→ Requirement: Go to the line that contains "Traje de ropa". Restate that line and each one after it exactly, through the end of the records, without pictures.

====== Given data ======

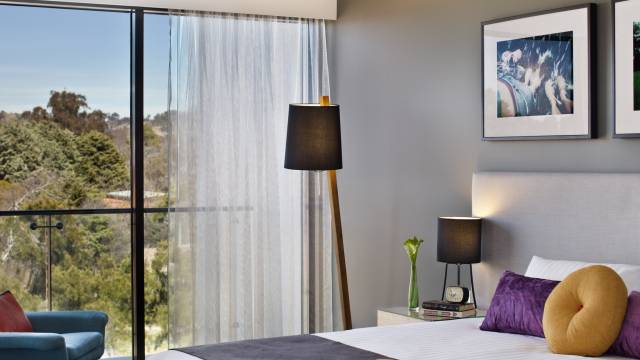 East Hotel  Apartments - Accommodation NSW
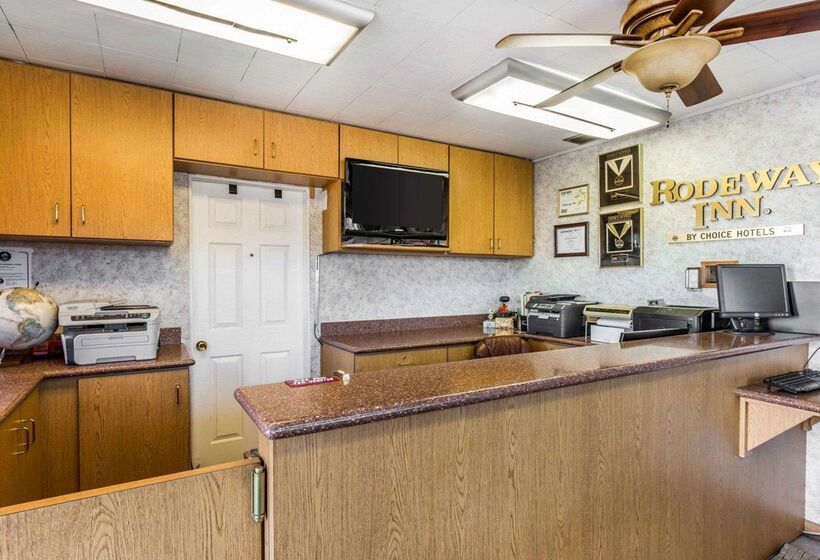 בית מלון כפרי Rodeway Inn Elko Downtown Area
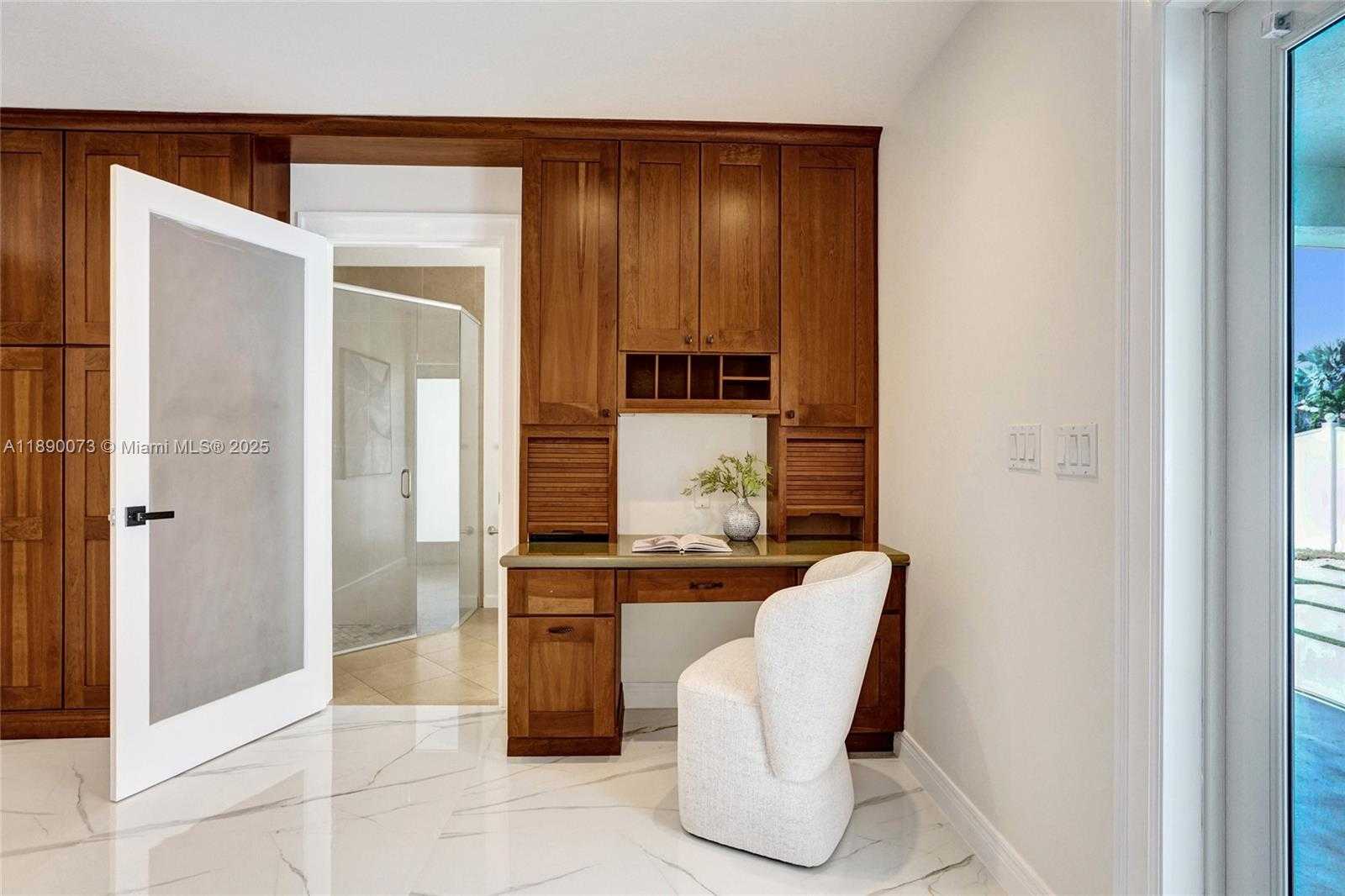 Small Image of 300 WEST CHAMINADE DR, Hollywood Number 27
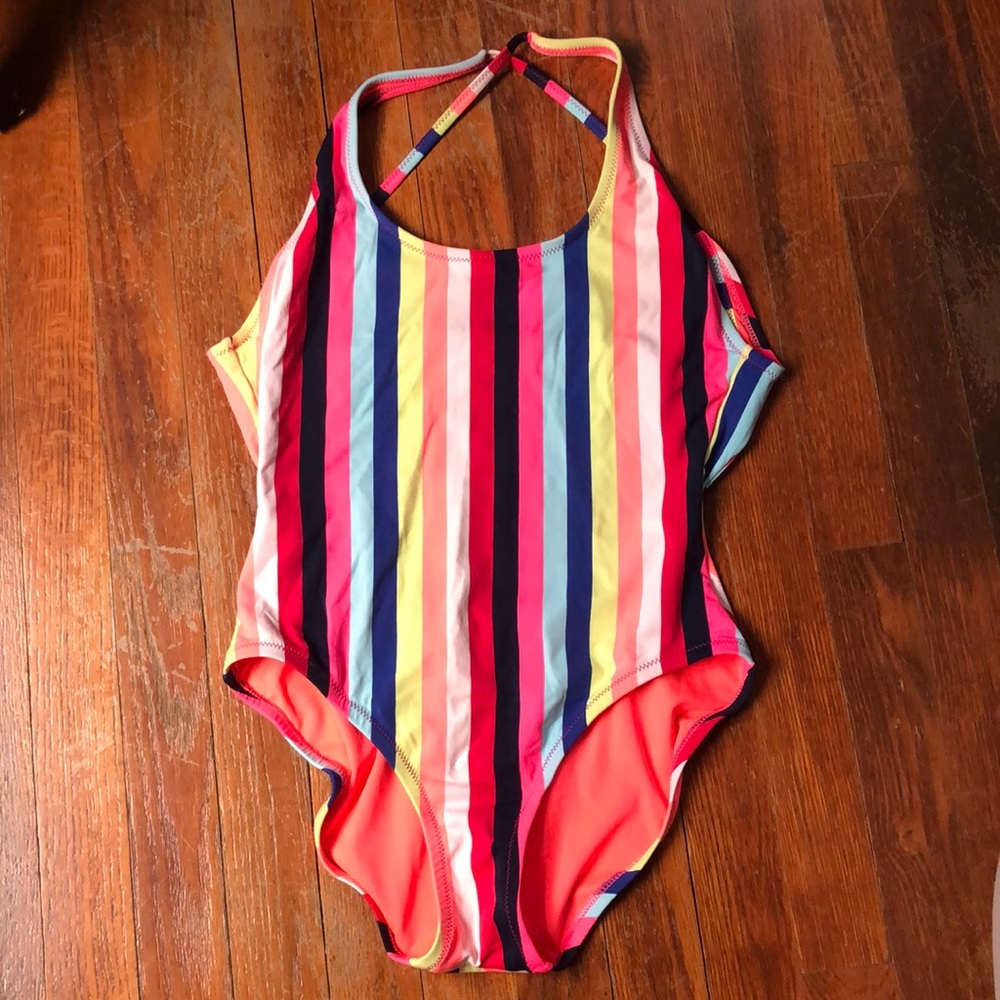 Gap one piece bathing suit size small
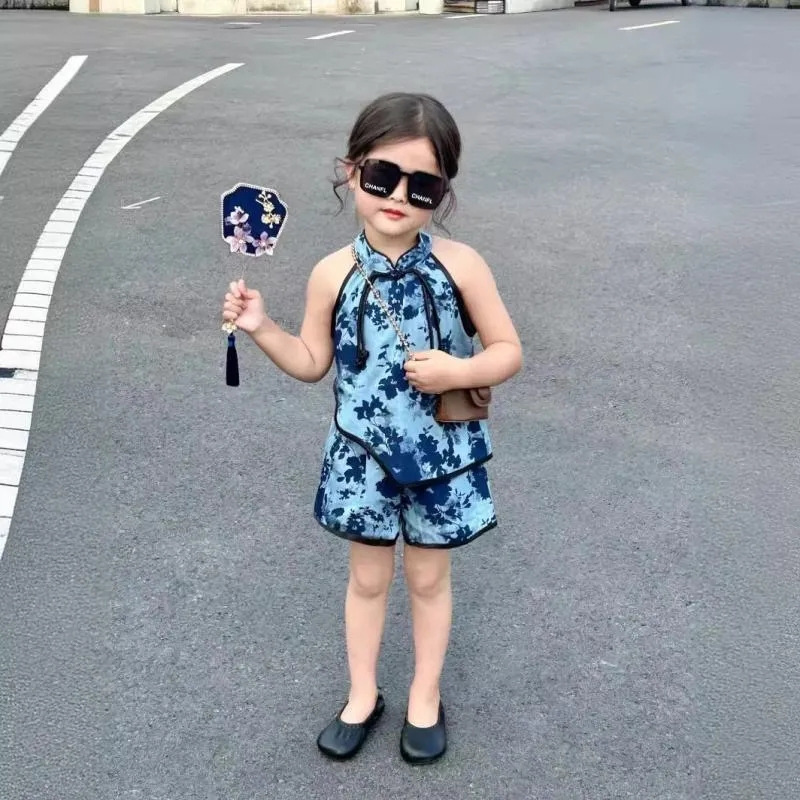 Traje de ropa para niños 2024 nuevo estilo estilo occidental niña sin mangas top floral pantalones cortos de moda cheongsam traje de dos piezas de verano
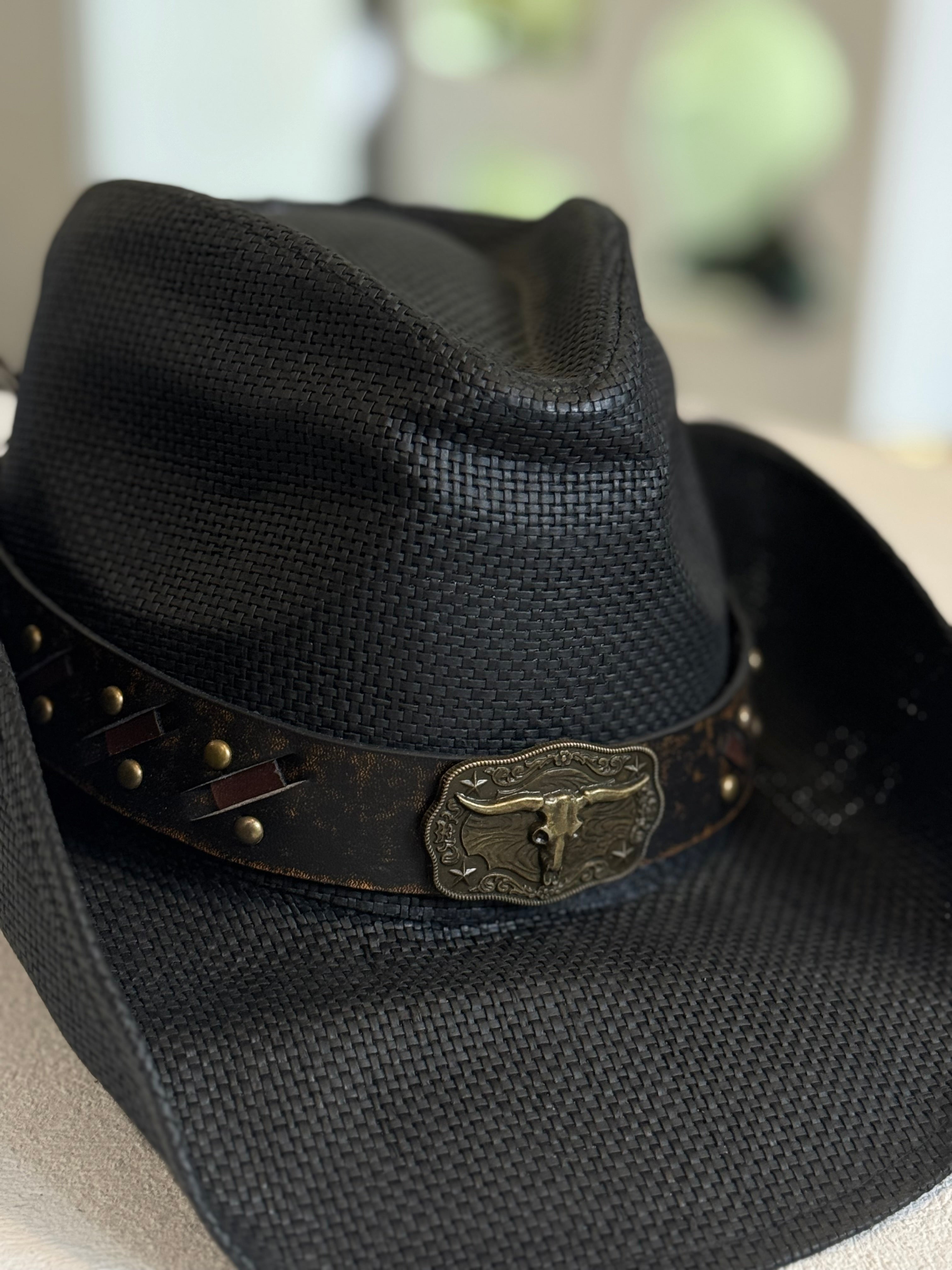 SOMBRERO NEGRO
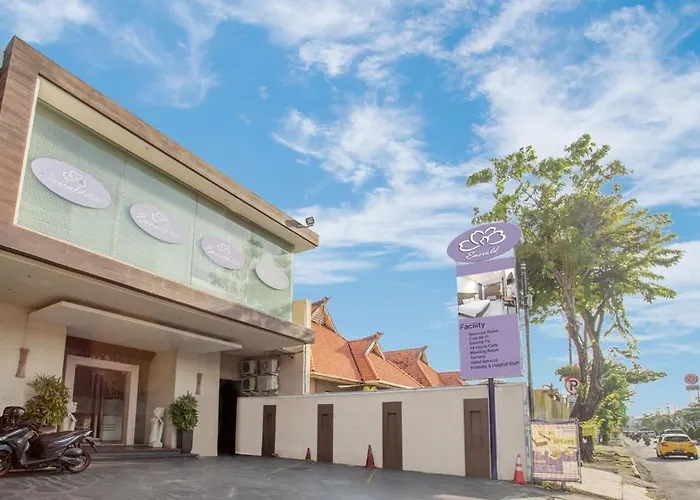 Life Emerald Hotel Surabaya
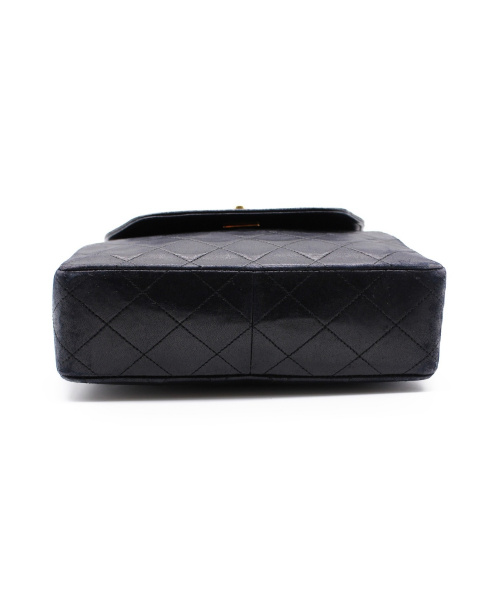 CHANEL（シャネル）CHANEL (シャネル) 台形ショルダーバッグ ブラック サイズ:- マトラッセ　 レザー ■の古着・服飾アイテム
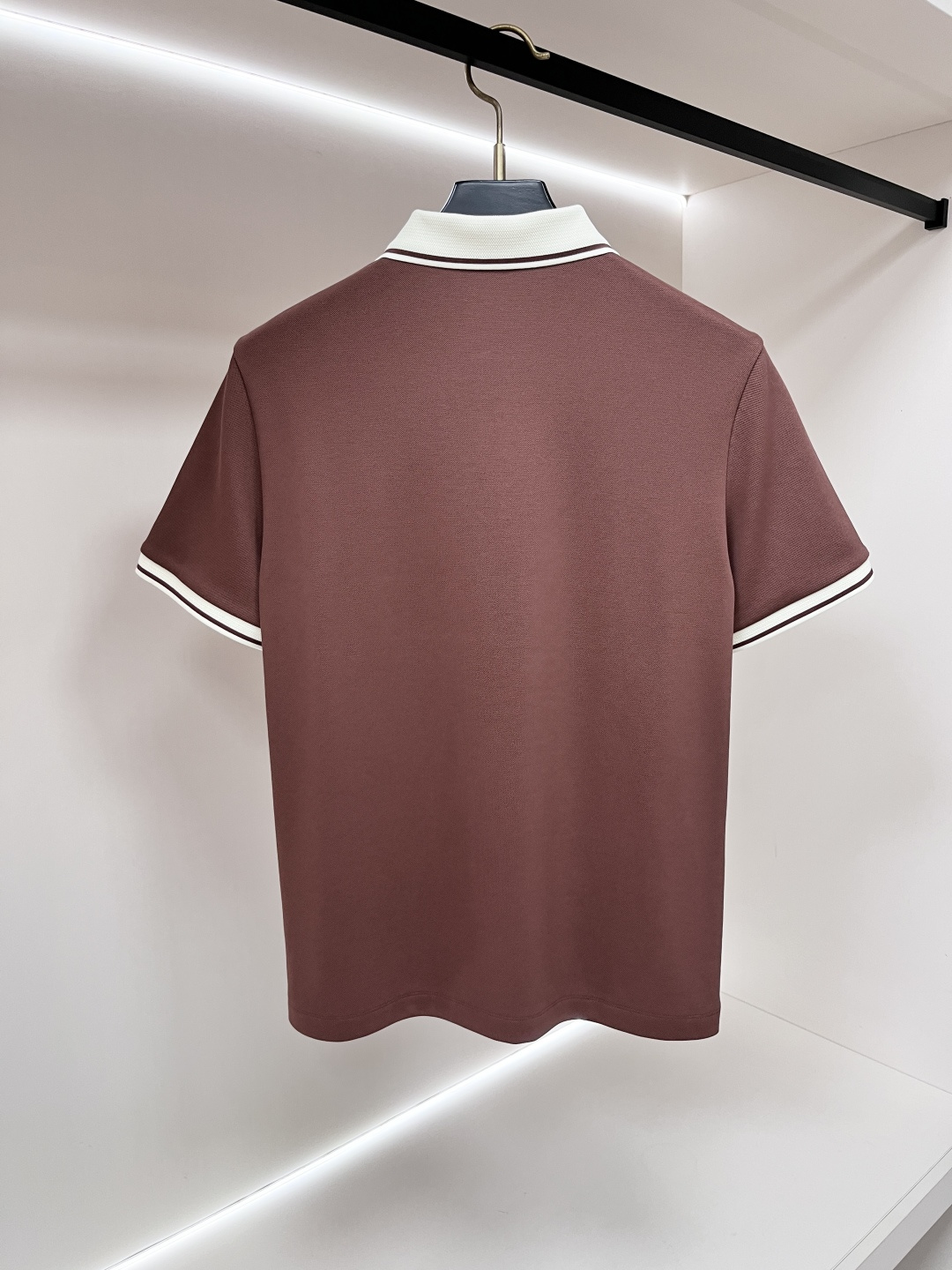 short sleeves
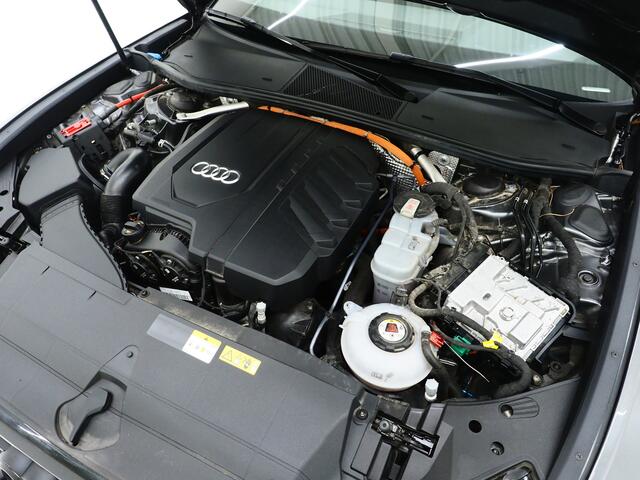 Audi A6 Avant 55 TFSI e quattro Competition Full Black | Panoramadak | B&O Audio | Camera | Keyless | Adaptive Cruise | Sfeerlicht | Carplay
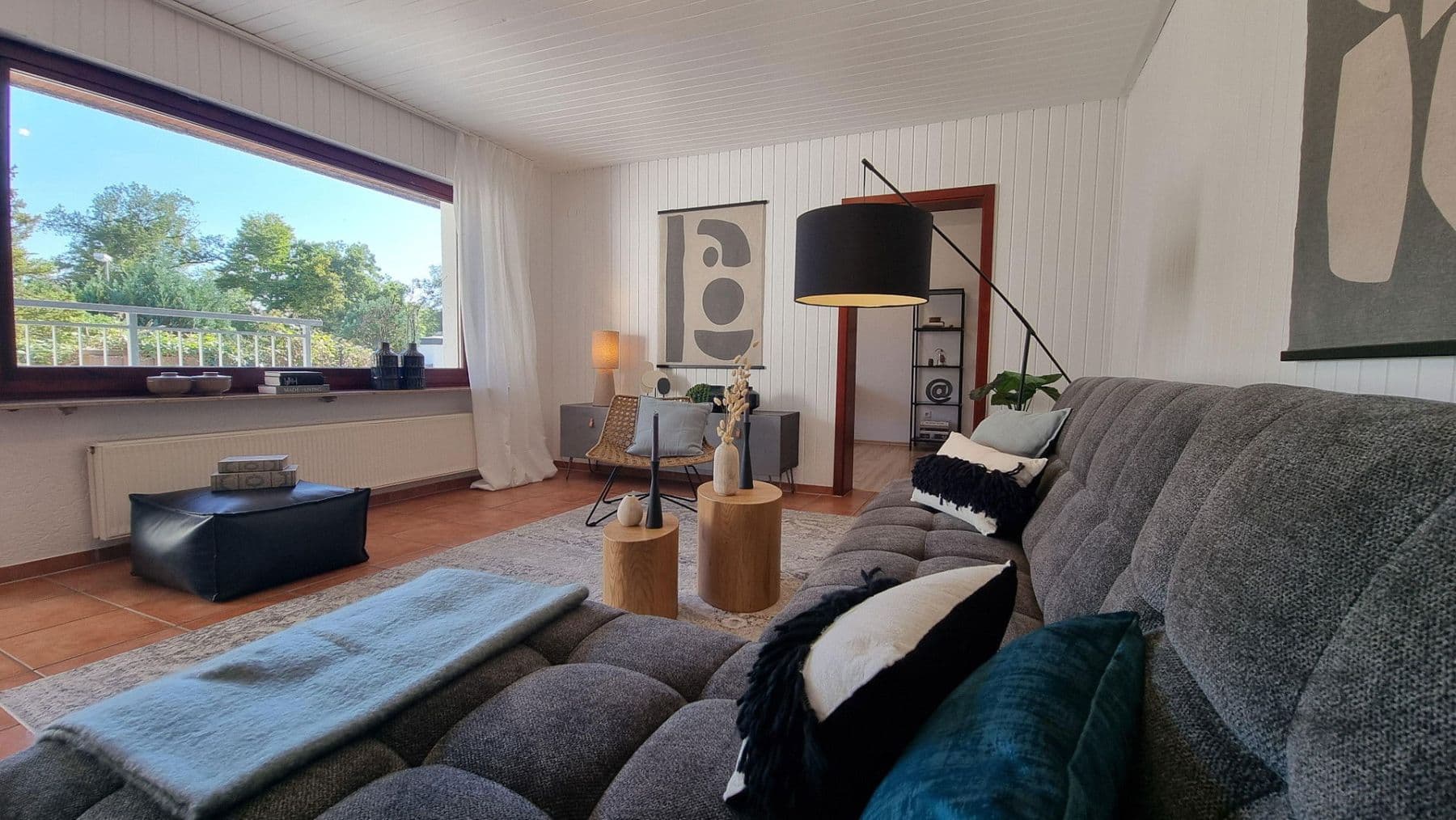 Prodej domu 207 m², pozemek 304 m², Ulmenweg 1/1, Mühlacker, Bádensko-Württembersko Prodej domu 207 m², pozemek 304 m², Ulmenweg 1/1, Mühlacker, Bádensko-Württembersko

======

→ The completed task:
 Traje de ropa para niños 2024 nuevo estilo estilo occidental niña sin mangas top floral pantalones cortos de moda cheongsam traje de dos piezas de verano
 SOMBRERO NEGRO
 Life Emerald Hotel Surabaya
 CHANEL（シャネル）CHANEL (シャネル) 台形ショルダーバッグ ブラック サイズ:- マトラッセ　 レザー ■の古着・服飾アイテム
 short sleeves
 Audi A6 Avant 55 TFSI e quattro Competition Full Black | Panoramadak | B&O Audio | Camera | Keyless | Adaptive Cruise | Sfeerlicht | Carplay
 Prodej domu 207 m², pozemek 304 m², Ulmenweg 1/1, Mühlacker, Bádensko-Württembersko Prodej domu 207 m², pozemek 304 m², Ulmenweg 1/1, Mühlacker, Bádensko-Württembersko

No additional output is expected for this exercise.